New Delhi: A team of researchers from the University of California, Davis, has identified a specific genetic mutation in humans that may increase the risk of cancer and reduce the effectiveness of the immune system in fighting solid tumors. The findings, published in Nature Communications, could lead to more effective treatments for difficult-to-treat cancers.
The study focused on a small genetic difference in an immune system protein called Fas Ligand (FasL), which helps immune cells destroy cancer cells through a process called apoptosis, or programmed cell death. The researchers discovered that humans have a unique mutation in the FasL gene that is not present in non-human primates like chimpanzees.

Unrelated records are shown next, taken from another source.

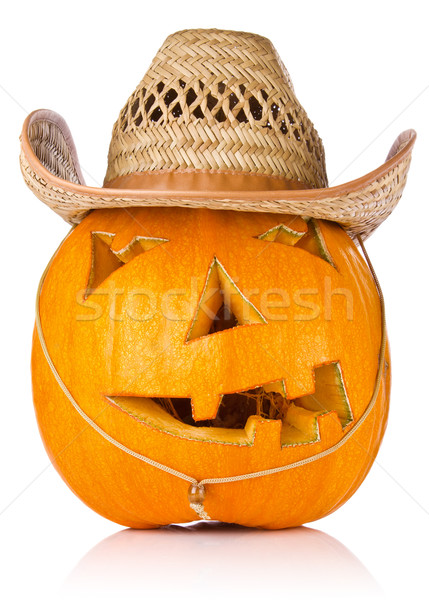 Halloween Pumpkin.Scary Jack O'Lantern in cowboy's cap Stock photo © brulove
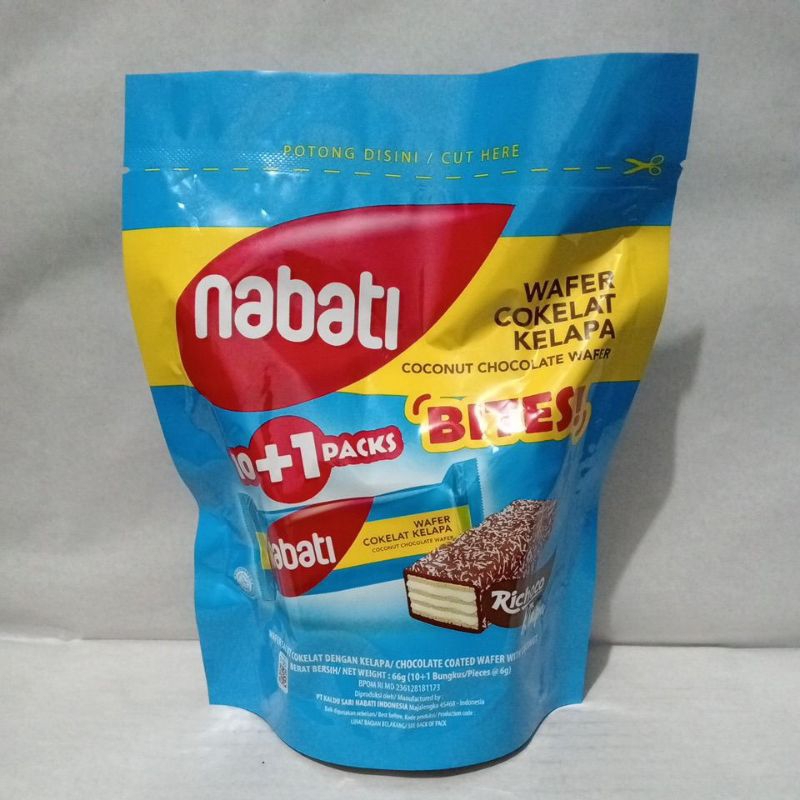 

Nabati Bites! Wafer Coklat Kelapa Isi 10 + 1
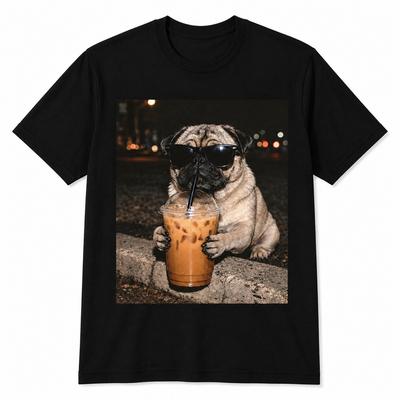 Pug Drinking Iced Coffee Funny Dog Meme T-Shirt Dog Lover Tee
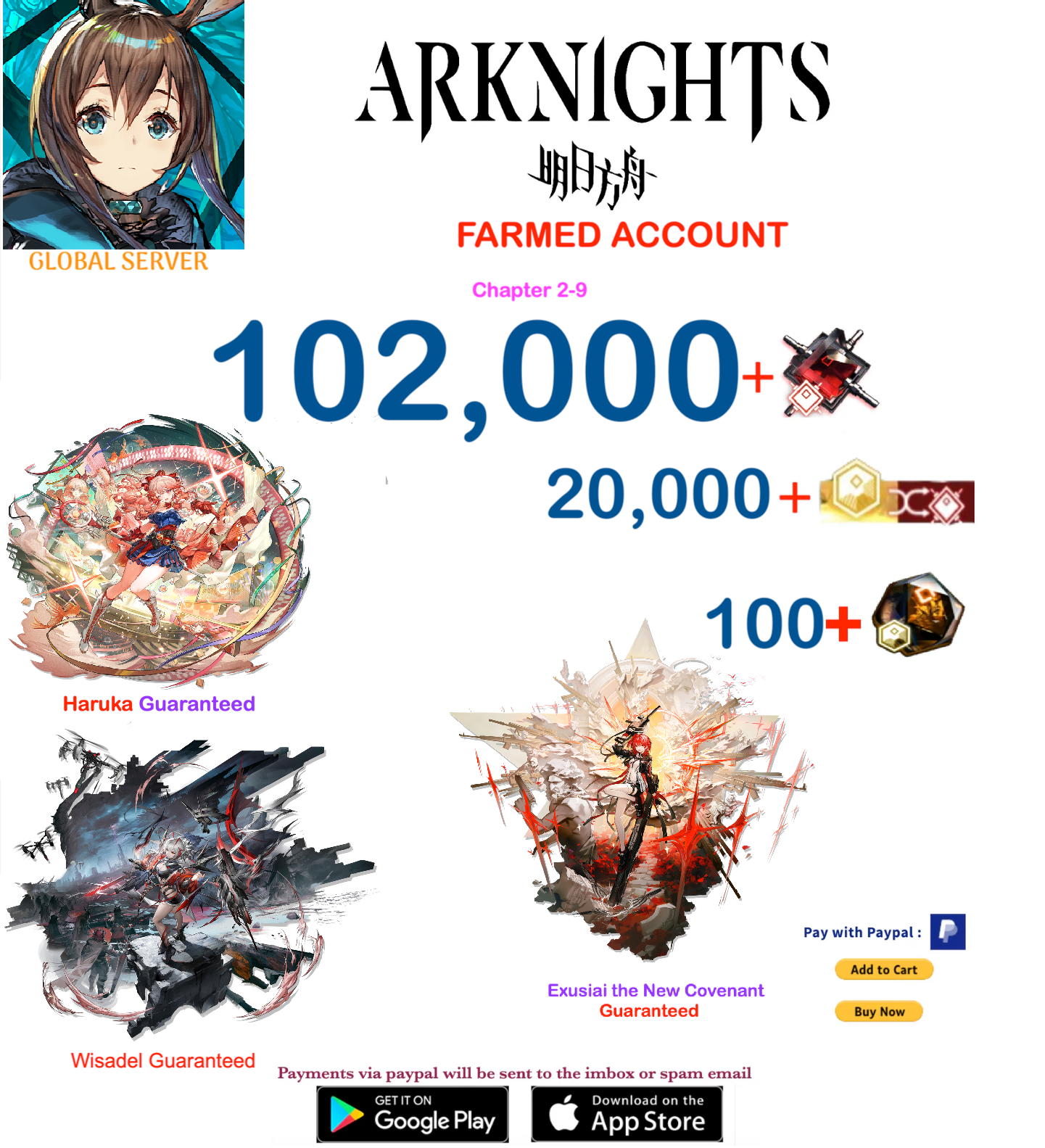 [Global Server] 102,000 Orundum  + x3 OP  Arknights Farmed Account v8
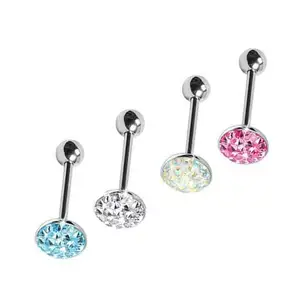 Ferido Crystals Flat Tongue Piercing Tongue Barbell Ring 14G Body Jewelry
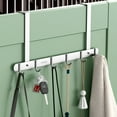 thumbnail image 2 of Over The Door Hooks, Door Hanger Hooks for Hanging, SU 304 Stainless Steel Over The Door Towel Racks for Bathroom with 6 Coat Hook, Coat Rack Bathroom Accessories, 17.71x11.02", 2 of 6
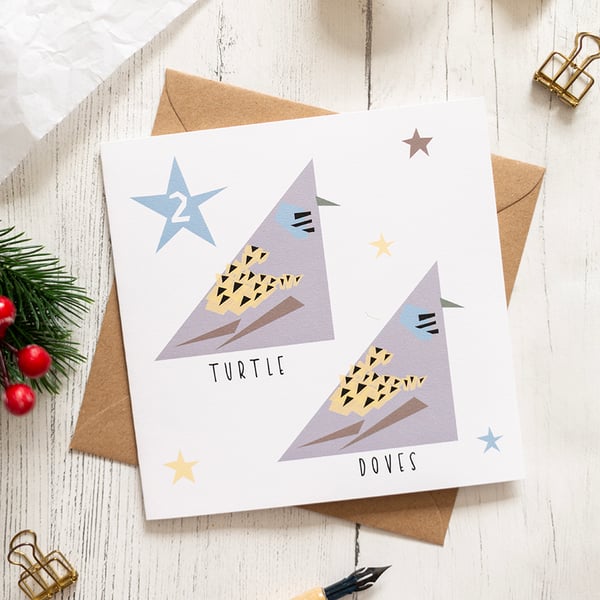 Two Turtle Doves Christmas Card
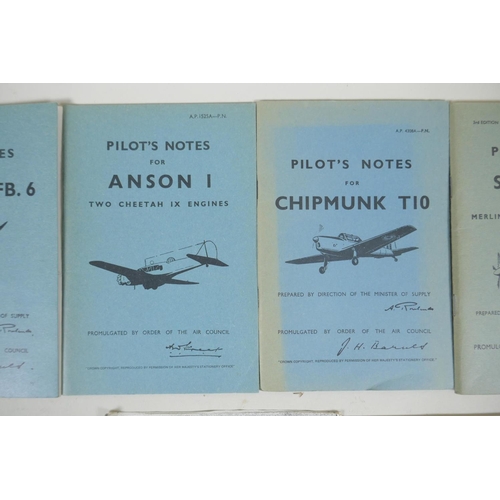 278 - A collection of Air Ministry and R.A.F. Pilot's Notes books for various aircraft, largest 15 x 24cm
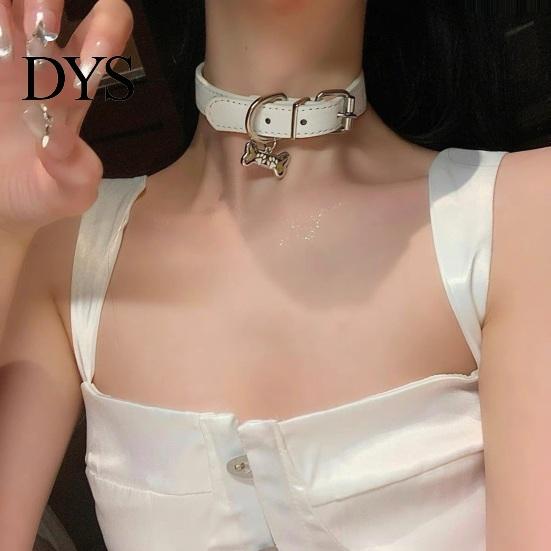 Bequeme Kurze Halskette Damen Choker Knochen Anhänger Mehrere Löcher Verstellbare Länge Metallschnalle Kunstleder Faux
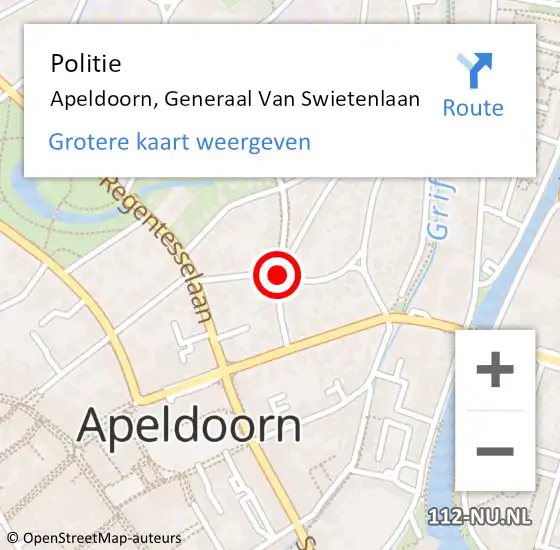 Locatie op kaart van de 112 melding: Politie Apeldoorn, Generaal Van Swietenlaan op 17 oktober 2020 22:57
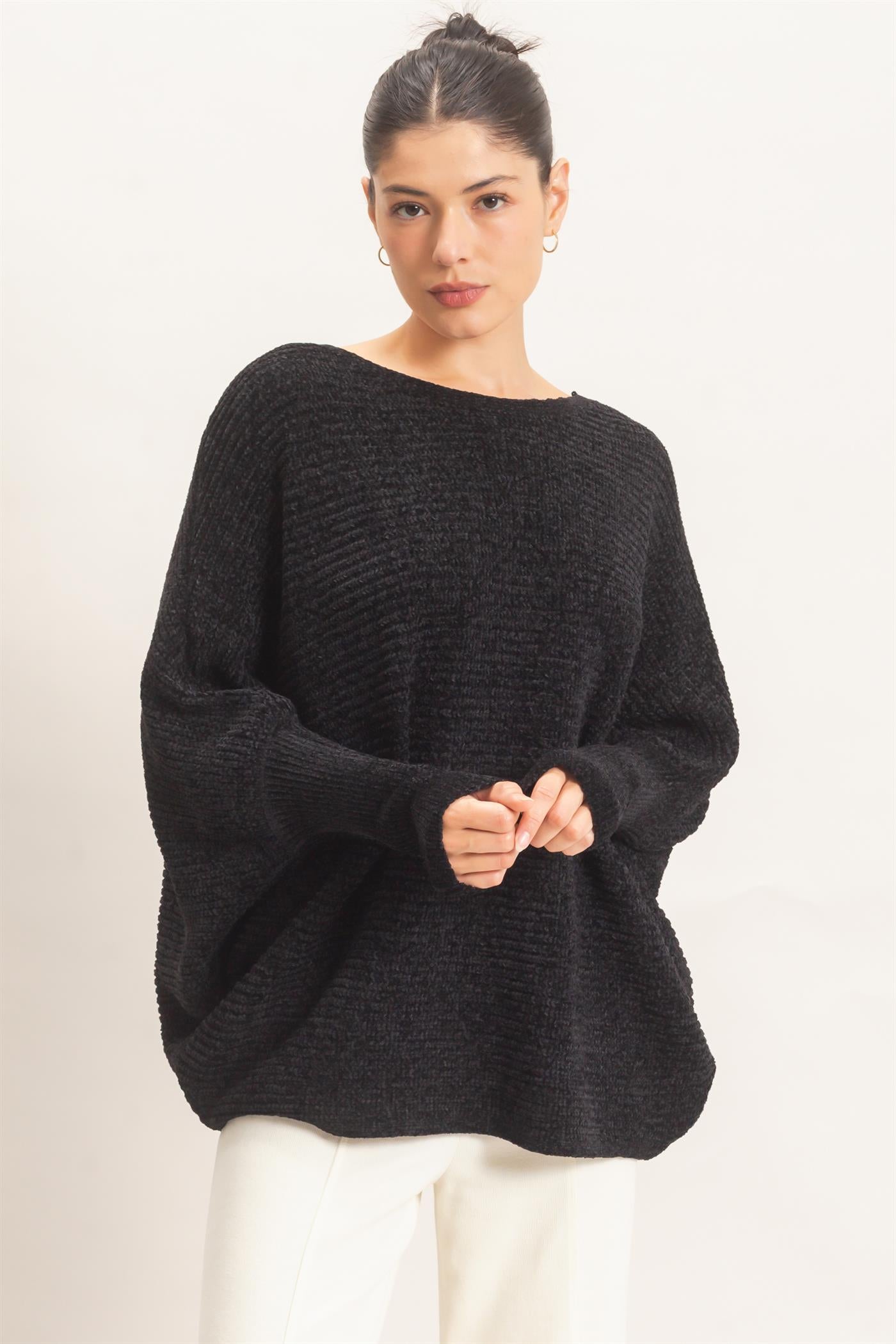 Wholesale Chenille Boat Neck Dolman Sleeve Sweater Sweaters HF26F185 BLACK HYFVE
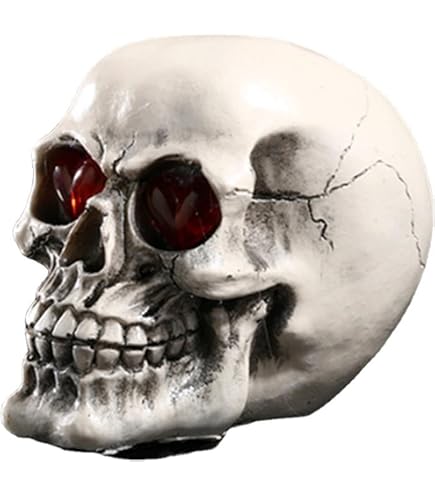 Mtb More Energy Tête De Mort Décorative Crystal Head Noire - Crâne Avec Cristaux Bleus Scintillants 12cm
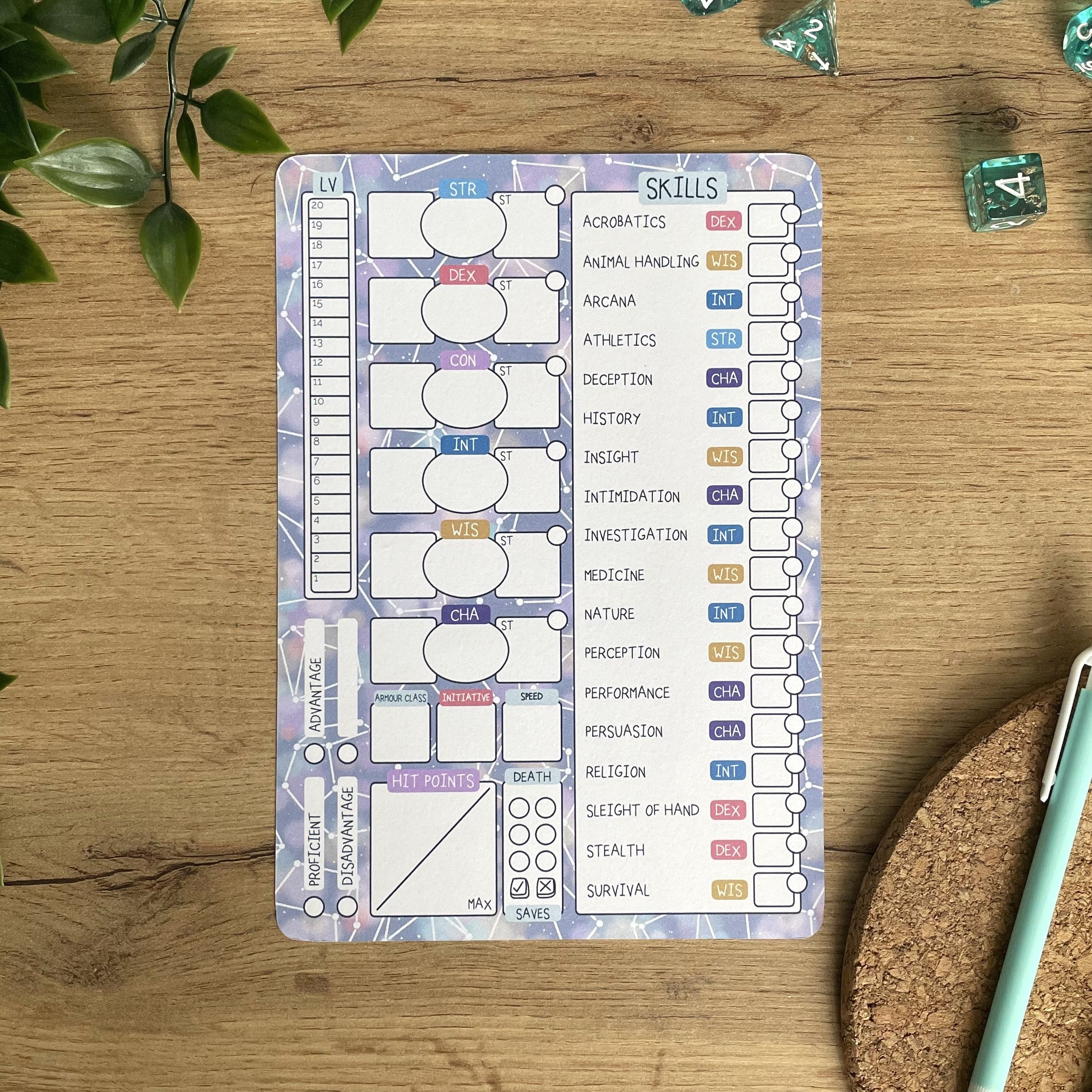 Starry Dice A5 D&D5e Skill Card set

This mutation involves a single amino acid change—serine replacing proline at position 153—making the human version of FasL more vulnerable to being disabled by plasmin, an enzyme commonly found in aggressive solid tumors such as ovarian, colon, and triple-negative breast cancer.
“The evolutionary mutation in FasL may have contributed to the larger brain size in humans,” said Jogender Tushir-Singh, Associate Professor at UC Davis’ Department of Medical Microbiology and Immunology.
“But in the context of cancer, it was an unfavorable tradeoff because the mutation gives certain tumors a way to disarm parts of our immune system.”
In simple terms, even when human immune cells are activated—including specially engineered CAR-T cells—their ability to kill cancer cells is weakened if the FasL protein is inactivated by the tumor environment. This may explain why immunotherapies like CAR-T are often successful in treating blood cancers but less effective against solid tumors, which tend to rely on plasmin to grow and spread.
Encouragingly, the study also found that blocking plasmin or protecting FasL from cleavage could restore its cancer-fighting ability. This opens up new possibilities for enhancing immunotherapy by combining it with plasmin inhibitors or designing protective antibodies for FasL.
“Humans have a significantly higher rate of cancer than chimpanzees and other primates,” Tushir-Singh noted.
“There’s still a lot we can learn from studying primates to improve how we treat cancer in humans.”
He added that the research marks an important step toward personalizing immunotherapy, especially for patients with plasmin-positive tumors that have so far been hard to treat.